Initially Gloria enlisted the help of Dr Honey Nelson who understood that establishing trust from the people was essential. In the past someone would be sent to these communities to shoot as many dogs as they could, leading to distrust and rejection of outside help. There were too many dogs for one vet to start surgically de-sexing so Gloria and Honey began by using birth control implants. Gradually the people said they could not keep all the dogs and agreed to some euthanasia's. This sad but necessary intervention to was conducted so humanely that the dogs would be eating and not notice the sedating injection given.

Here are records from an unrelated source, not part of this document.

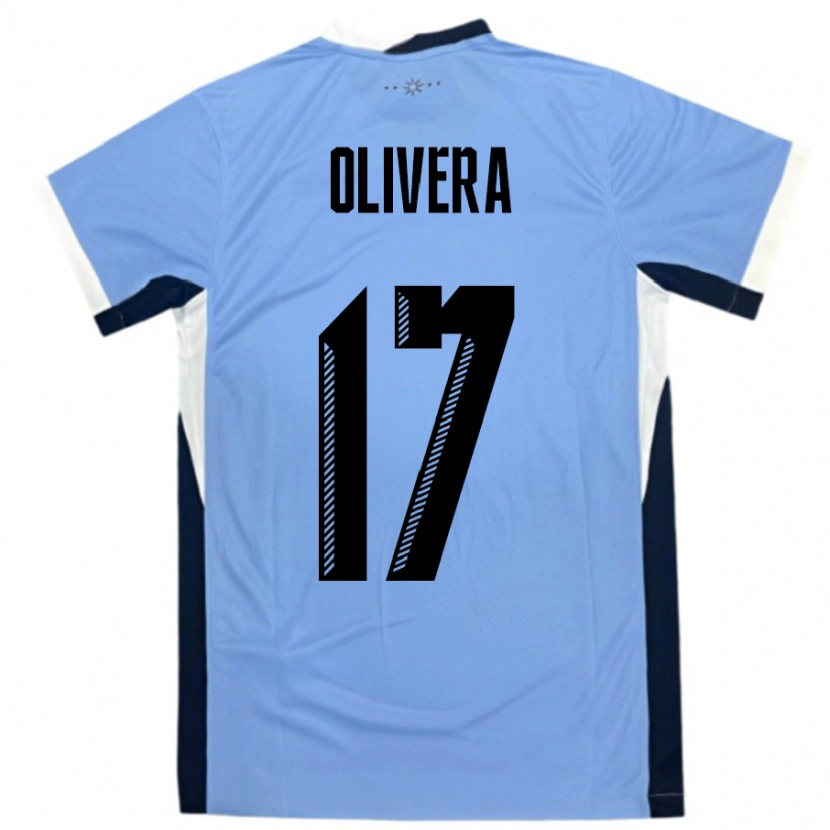 Danxen Heren Uruguay Cristian Olivera #17 Wit Zwart Thuisshirt Thuistenue 24-26 T-Shirt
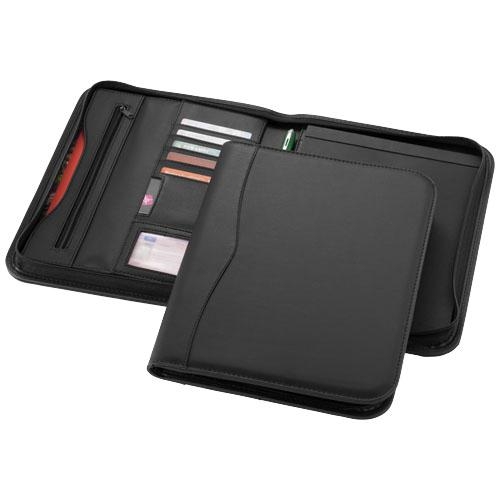 New ebony A4 zipper portfolio black solid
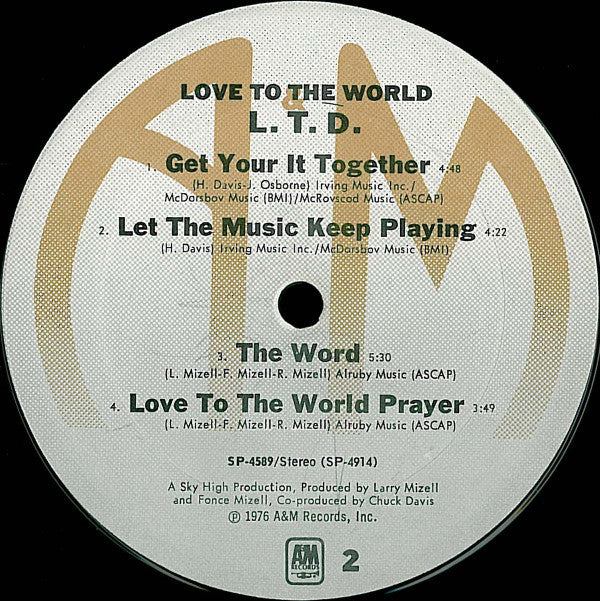 L.T.D. ~ Love To The World (Vinyl) - Djungel & Jazz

In addition to this, Gloria would make countless trips to the RSPCA in Alice Springs 350km away, transporting 133 puppies in one 6 month period. Eventually the team from AMRRIC was introduced who began surgical de-sexing. They are lead by the very experienced and also culturally aware Dr Stephen Cutter, and assisted by many volunteer vets and vet nurses. Gloria also raised funds to subsides the cost of dog food in the community and provide regular parasite treatment.

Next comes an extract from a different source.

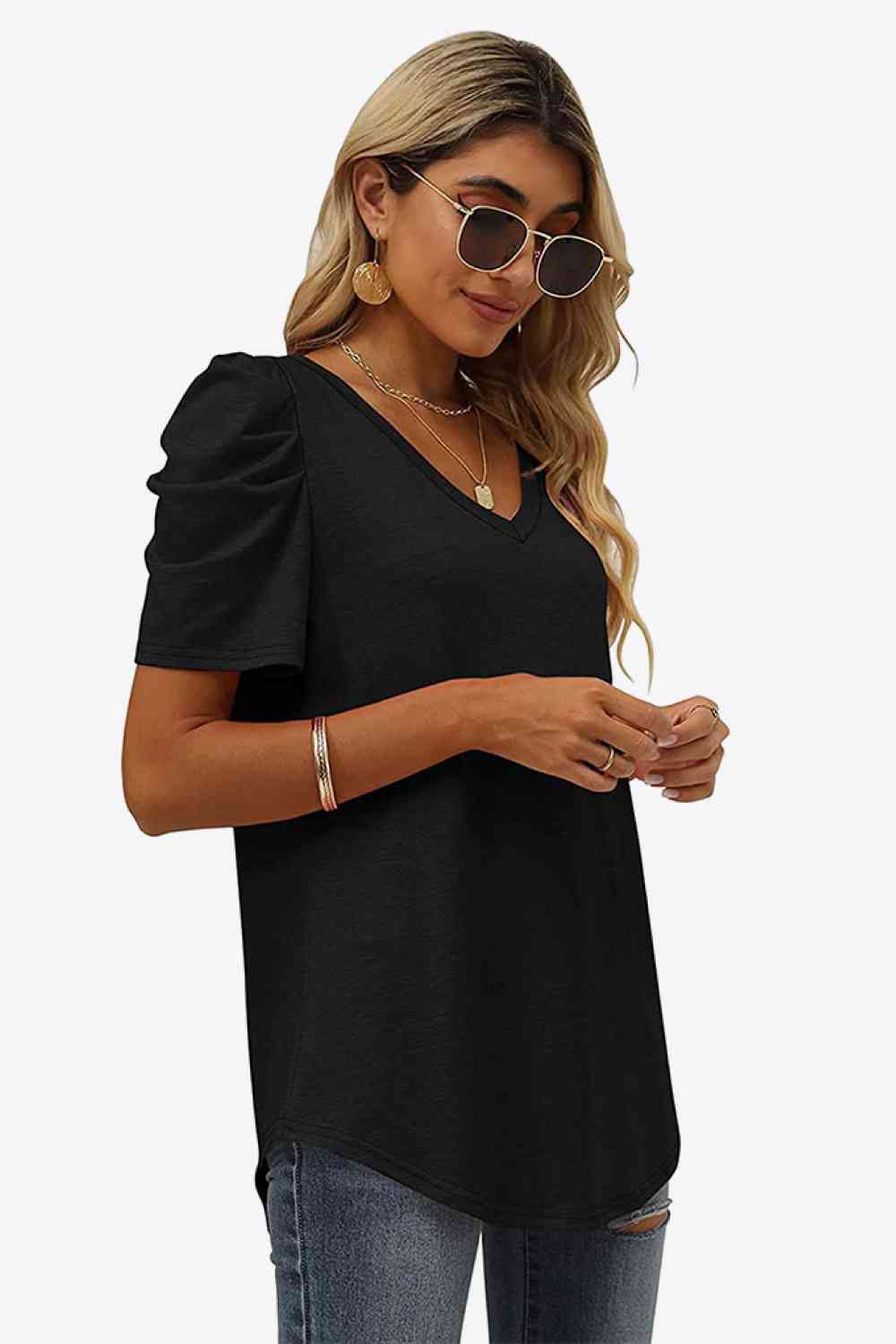 V-Neck Puff Sleeve Tee - Ladyez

The other side of this program was to "aid family health, comfort, safety and social standards". In 2007 the "Desert Dog" adoption program began. A volunteer noted how appealing the dogs were and that there were many people in the cities wanting a puppy. Due to greater awareness of puppy farms and back yard breeders people were looking for rescue puppies. Thanks to a donation from the family of a volunteer the puppy kennels were built. Gloria uses these not only for puppies but sick dogs, and other animals which have included cats, foals and calves. She also cares for Joeys, birds and reptiles. Gloria estimates approximately 500 puppies and dogs have been re-homed outside of the community.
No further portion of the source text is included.